### Your assignment
Reproduce, word for word, the lines in the material below starting with the one that has "Sandal harian wanita" and going on through the one that has "Two people shaking". Leave out all pictures.

### Supplied records
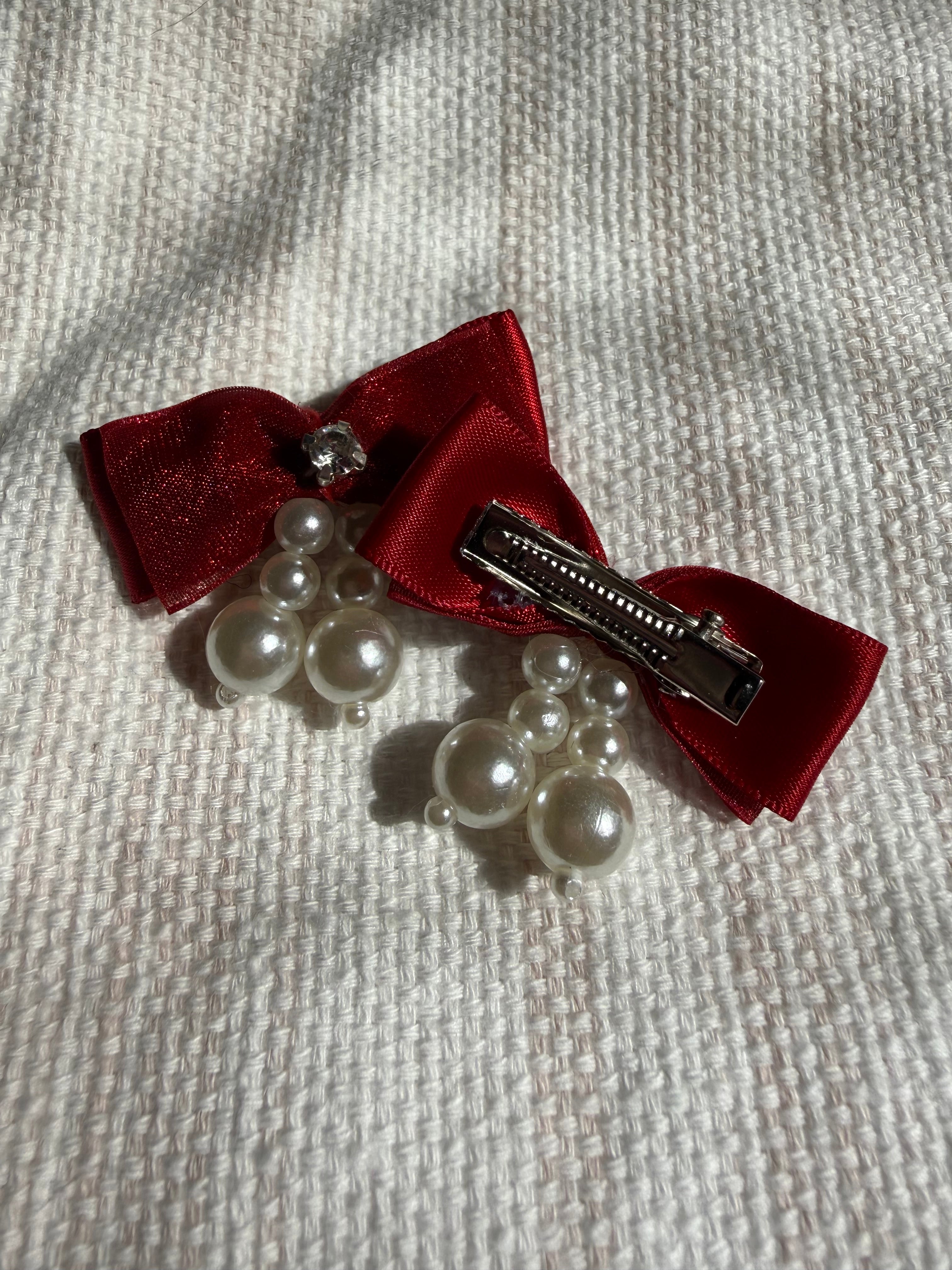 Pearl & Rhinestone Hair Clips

...

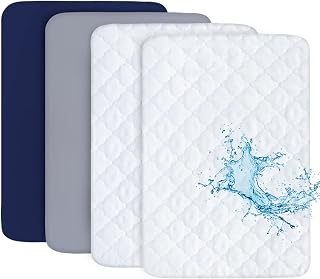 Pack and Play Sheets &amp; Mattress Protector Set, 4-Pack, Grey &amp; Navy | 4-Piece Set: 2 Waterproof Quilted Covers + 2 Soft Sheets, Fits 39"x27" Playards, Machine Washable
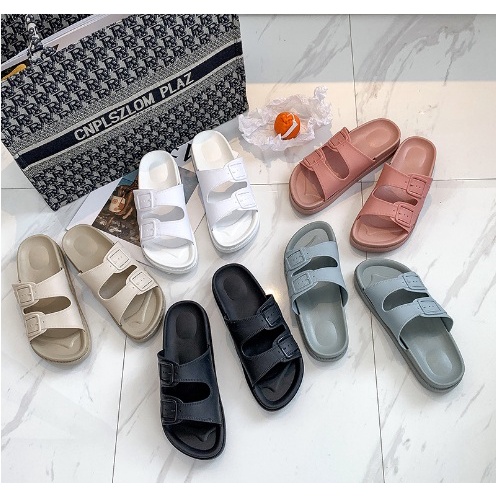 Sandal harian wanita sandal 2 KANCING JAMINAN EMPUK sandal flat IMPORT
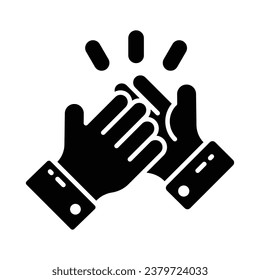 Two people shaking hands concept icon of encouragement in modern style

---

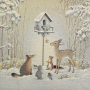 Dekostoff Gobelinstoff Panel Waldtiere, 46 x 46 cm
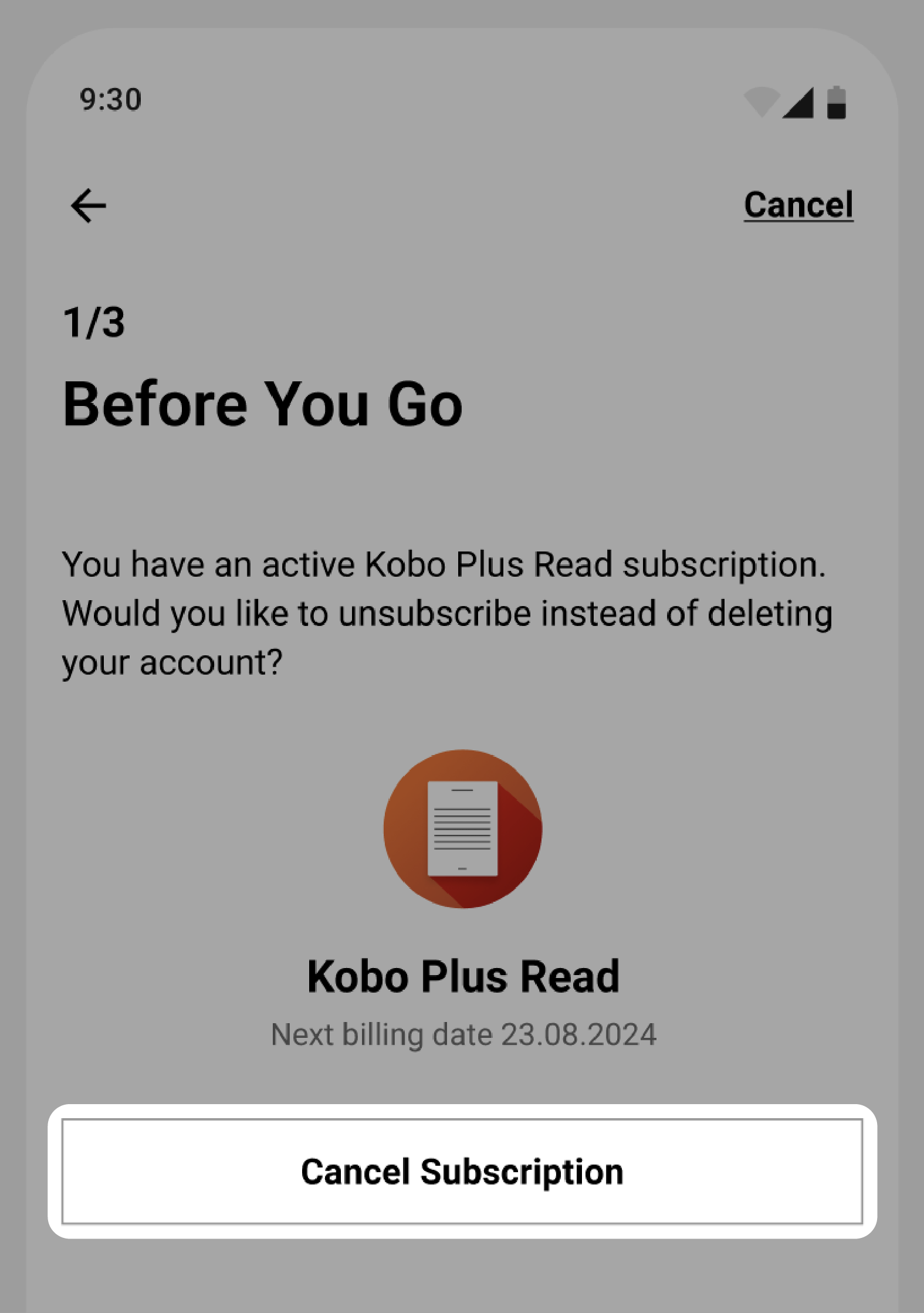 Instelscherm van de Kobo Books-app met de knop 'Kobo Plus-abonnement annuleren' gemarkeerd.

### Solution
 Sandal harian wanita sandal 2 KANCING JAMINAN EMPUK sandal flat IMPORT
 Two people shaking hands concept icon of encouragement in modern style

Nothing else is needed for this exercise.